▶ TASK: Would you transcribe the records below from the line with "Teal Cupcakes Cloth" to the line with "21K Gold Lira", ends included, exactly and with nothing more, leaving the pictures out?
★ ★ ★ ★ ★
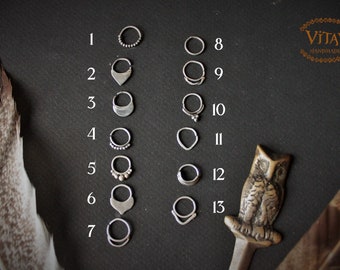 Aro de Nariz en Plata de Ley 925 • Septum Piercing • Fake & Real • Nose Ring Trival • Sterling Silver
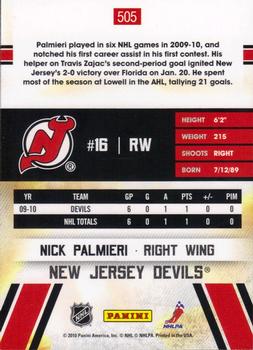 2010-11 Score #505 Nick Palmieri  Back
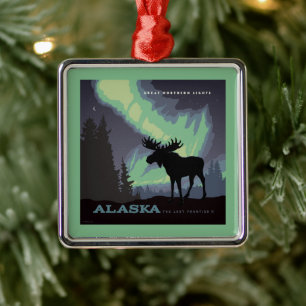 Alaska Norra Ljus Moose Julgransprydnad Metall
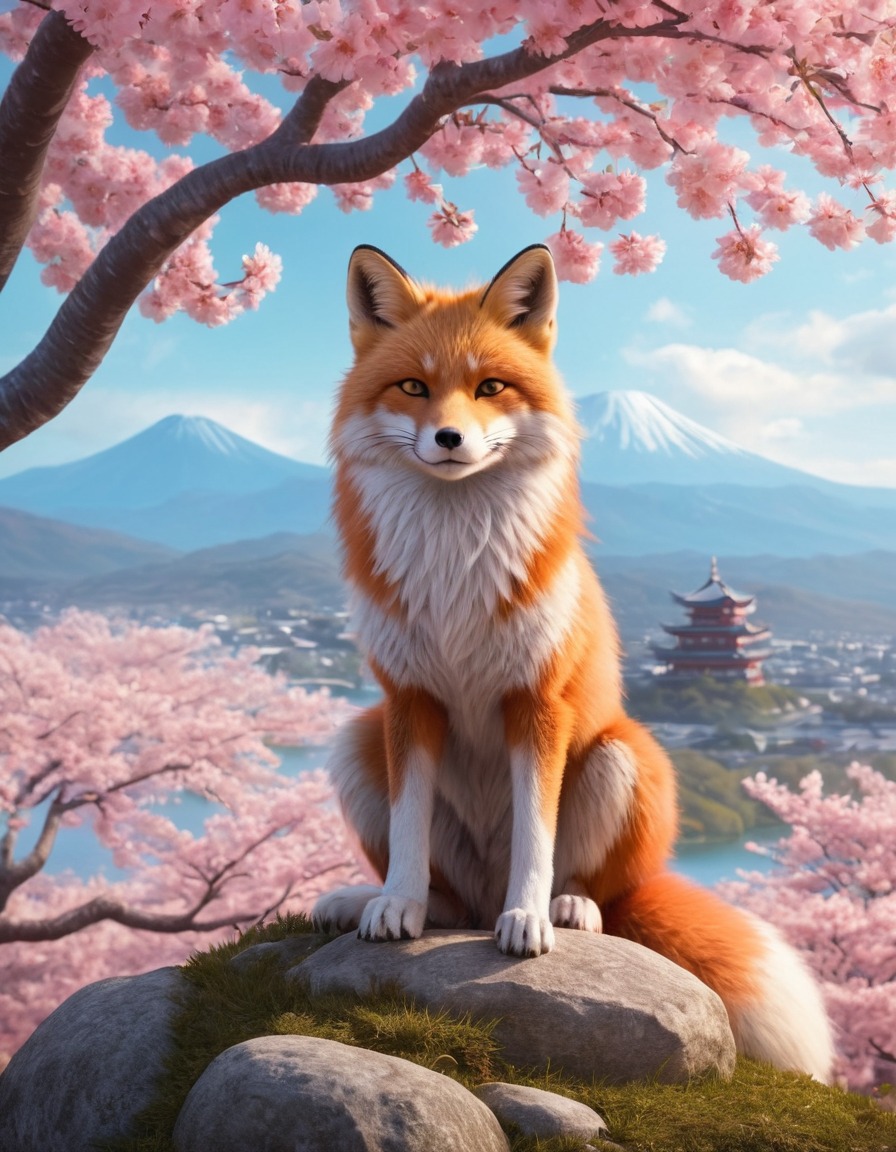 kitsune, japanese folklore, fox spirit, cherry blossoms, landscape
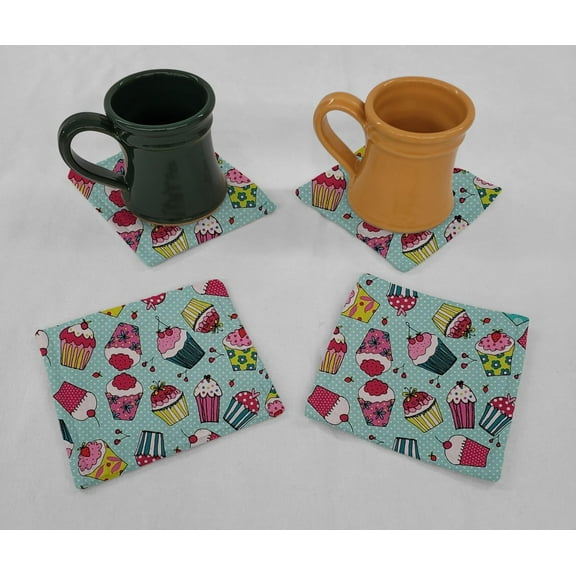 Teal Cupcakes Cloth Coasters by Penny's Needful Things (Set of 4)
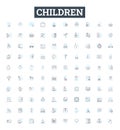 Children vector line icons set. Kids, Infants, Toddlers, Juveniles, Minors, Youths, Preteens illustration outline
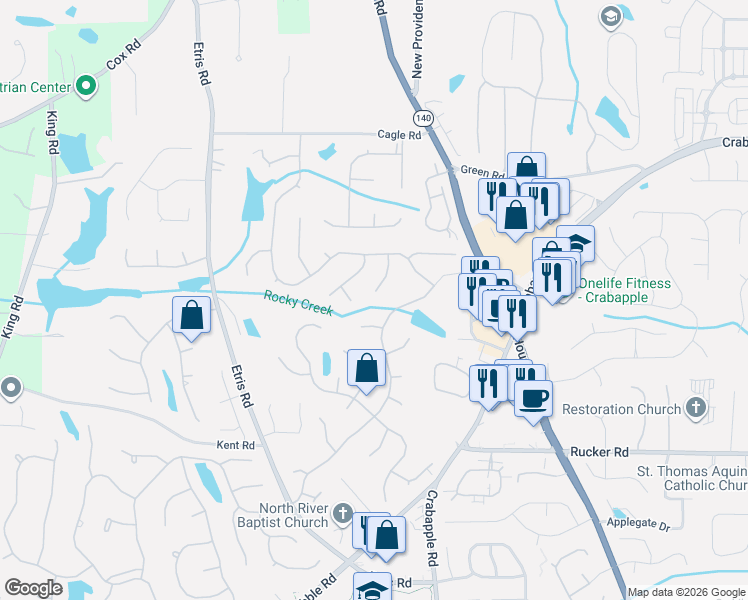 map of restaurants, bars, coffee shops, grocery stores, and more near 660 Summer Grass Lane in Roswell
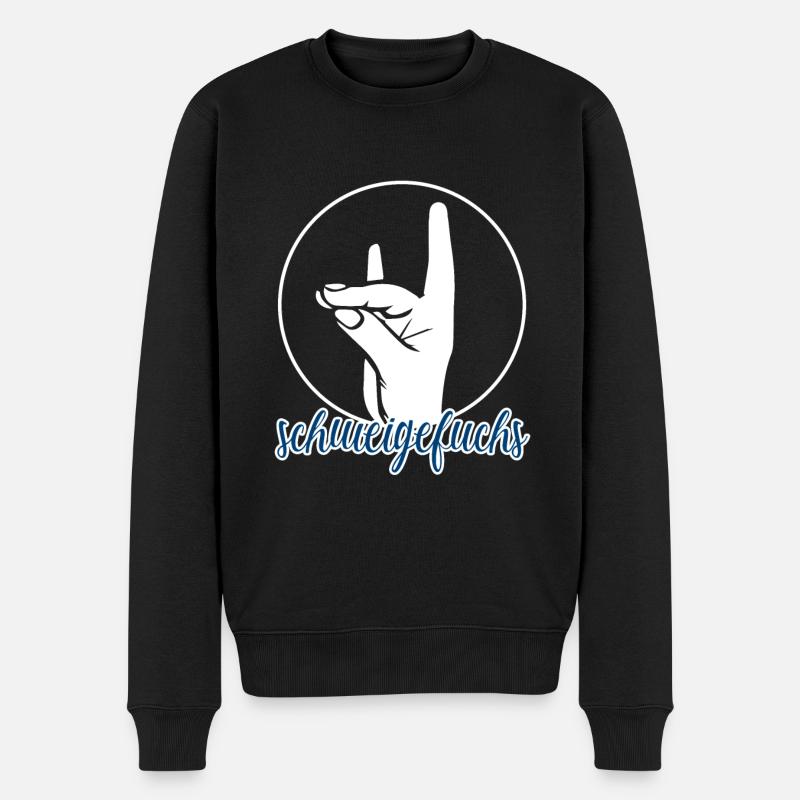 Schweigefuchs Lehrer Grundschule Kindergarten - Männer Premium Bio Pullover - Schwarz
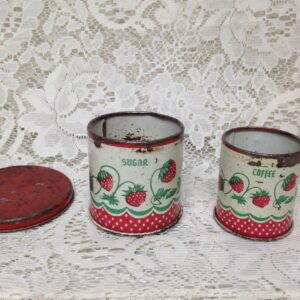 Rare 1950s Wolverine, USA, Strawberry, 3pc Childs Canister Set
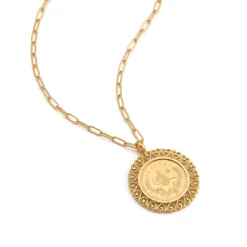 21K Gold Lira Coin Frame Necklace - 4.58g - Sultan Gold - عقد برواز ليرة ذهب عيار 21 - 4.58 غرام - ذهب السلطان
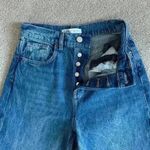 ZARA high rise button front straight leg blue jeans in size 2 Photo 5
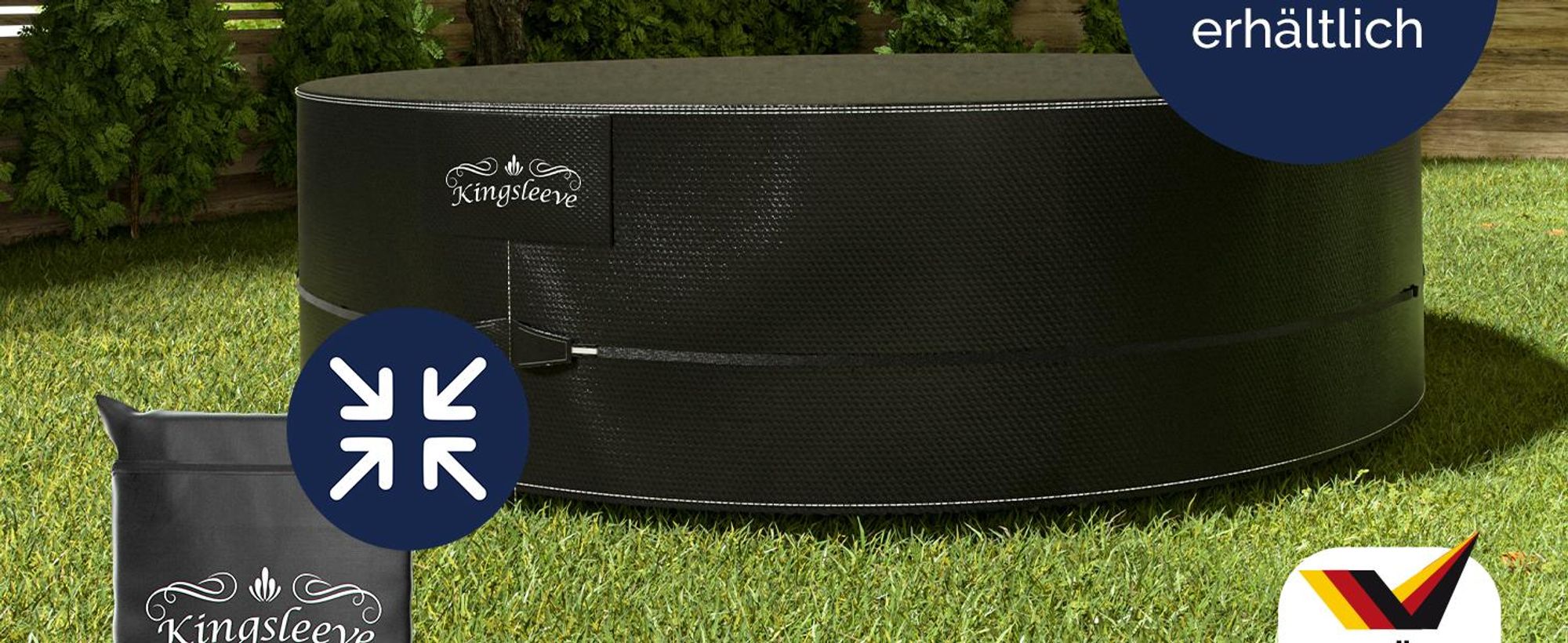 Kingsleeve® Sonneninsel Abdeckung Wasserdicht Winterfest Abdeckplane Gartenmöbel Schutzhülle Abdeckhaube Gartenliege Rund Daybed Ø190x90/50cm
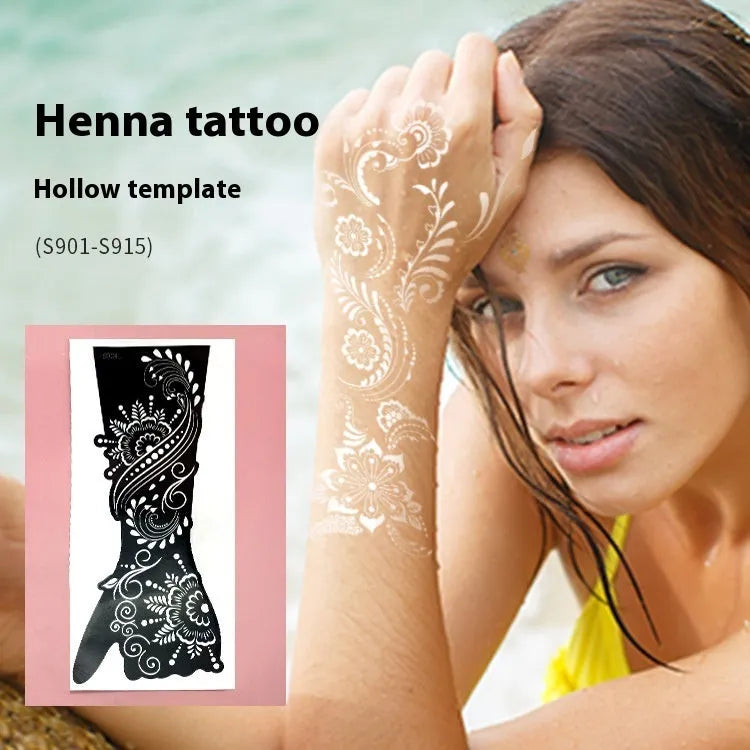 Geometric hollow tattoo template stickers showing 30 pattern variations with left and right designs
★ ★ ★ ★ ★
▶ YOUR SOLUTION:
 Teal Cupcakes Cloth Coasters by Penny's Needful Things (Set of 4)
 Children vector line icons set. Kids, Infants, Toddlers, Juveniles, Minors, Youths, Preteens illustration outline
 map of restaurants, bars, coffee shops, grocery stores, and more near 660 Summer Grass Lane in Roswell
 Schweigefuchs Lehrer Grundschule Kindergarten - Männer Premium Bio Pullover - Schwarz
 Rare 1950s Wolverine, USA, Strawberry, 3pc Childs Canister Set
 21K Gold Lira Coin Frame Necklace - 4.58g - Sultan Gold - عقد برواز ليرة ذهب عيار 21 - 4.58 غرام - ذهب السلطان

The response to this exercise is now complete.